Anggota G20 terdiri atas Afrika Selatan, Amerika Serikat, Arab Saudi, Argentina, Australia, Brasil, India, Indonesia, Inggris, Italia, Jepang, Jerman, Kanada, Meksiko, Republik Korea, Rusia, Prancis, China, Turki, dan Uni Eropa.
Presiden Jokowi mengatakan bahwa hingga saat ini tercatat sudah 17 Kepala negara yang menyatakan akan hadir termasuk Presiden Amerika, Joe Biden dan Presiden China, Xi Jinping.
Seperti dilansir Reuters, Selasa (8/11/2022), dalam wawancara dengan media internasional Financial Times (FT), Presiden Jokowi menuturkan bahwa percakapan telepon antara dirinya dan Putin pekan lalu meninggalkan 'kesan kuat' bahwa pemimpin Rusia itu tidak hadir langsung di Bali, yang diperkirakan akan didominasi oleh ketegangan terkait invasi Rusia ke Ukraina.
Presiden Jokowi menyatakan di media bahwa Presiden Rusia Vladimir Putin dan Presiden Ukraina Volodymyr Zelenskyy akan hadir dalam gelaran Konferensi Tingkat Tinggi (KTT) G20 Bali bergantung pada situasi.
Indonesia kini menggelar sistem pengamanan terpadu antara TNI dan Polri serta stakeholder.

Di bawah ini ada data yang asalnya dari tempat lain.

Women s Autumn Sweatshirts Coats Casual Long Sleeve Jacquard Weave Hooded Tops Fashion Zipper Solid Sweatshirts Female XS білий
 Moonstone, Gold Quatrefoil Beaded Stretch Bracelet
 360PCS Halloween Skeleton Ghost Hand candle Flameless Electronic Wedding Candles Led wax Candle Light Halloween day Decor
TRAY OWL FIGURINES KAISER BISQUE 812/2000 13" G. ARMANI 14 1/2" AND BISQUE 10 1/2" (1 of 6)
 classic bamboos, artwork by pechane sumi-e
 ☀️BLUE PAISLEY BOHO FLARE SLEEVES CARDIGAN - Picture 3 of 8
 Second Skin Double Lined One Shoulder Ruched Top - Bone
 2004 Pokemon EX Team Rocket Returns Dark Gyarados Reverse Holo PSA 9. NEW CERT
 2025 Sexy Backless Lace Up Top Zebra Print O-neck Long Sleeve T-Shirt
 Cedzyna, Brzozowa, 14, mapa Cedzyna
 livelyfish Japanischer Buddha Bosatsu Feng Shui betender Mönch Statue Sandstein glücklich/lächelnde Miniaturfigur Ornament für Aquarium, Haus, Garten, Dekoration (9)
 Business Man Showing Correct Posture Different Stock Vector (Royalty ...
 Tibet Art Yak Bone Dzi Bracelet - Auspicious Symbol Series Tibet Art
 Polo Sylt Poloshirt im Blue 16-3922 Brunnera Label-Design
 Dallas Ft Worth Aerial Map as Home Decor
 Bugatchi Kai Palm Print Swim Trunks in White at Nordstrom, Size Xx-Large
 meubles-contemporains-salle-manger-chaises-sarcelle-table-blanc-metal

Indonesia mengerahkan 18.000 anggota TNI dan Polri, alutsista canggih TNI, peralatan keamanan Polri serta BSSN, dan institusi terkait lainnya.
Pada umumnya negara-negara besar mengirim kapal perangnya dan pesawat terbang kepresidenan bila kepala negaranya menghadiri acara di negara lain, agar bila ancaman muncul kepala negaranya segera di evakuasi ke kapal perangnya atau diterbangkan keluar area ancaman.
Analisis
Dari perspektif intelijen, walau KTT G-20 bukan ajang politik, tetapi efek dari invasi Rusia ke Ukraina akan menaikkan atmosfer KTT. Sebab di sana akan dihadiri negara-negara dari dua blok, yaitu blok Amerika serta negara-negara Barat dan blok Rusia dan China (RRT) di lain sisi.
Konflik kekerasan senjata di Ukraina dilatarbelakangi ulah kenekatan Rusia yang menginvasi Ukraina, bahkan pernah mengancam menyebut kemungkinan penggunaan senjata nuklir terbatas bila NATO membantu langsung Ukraina.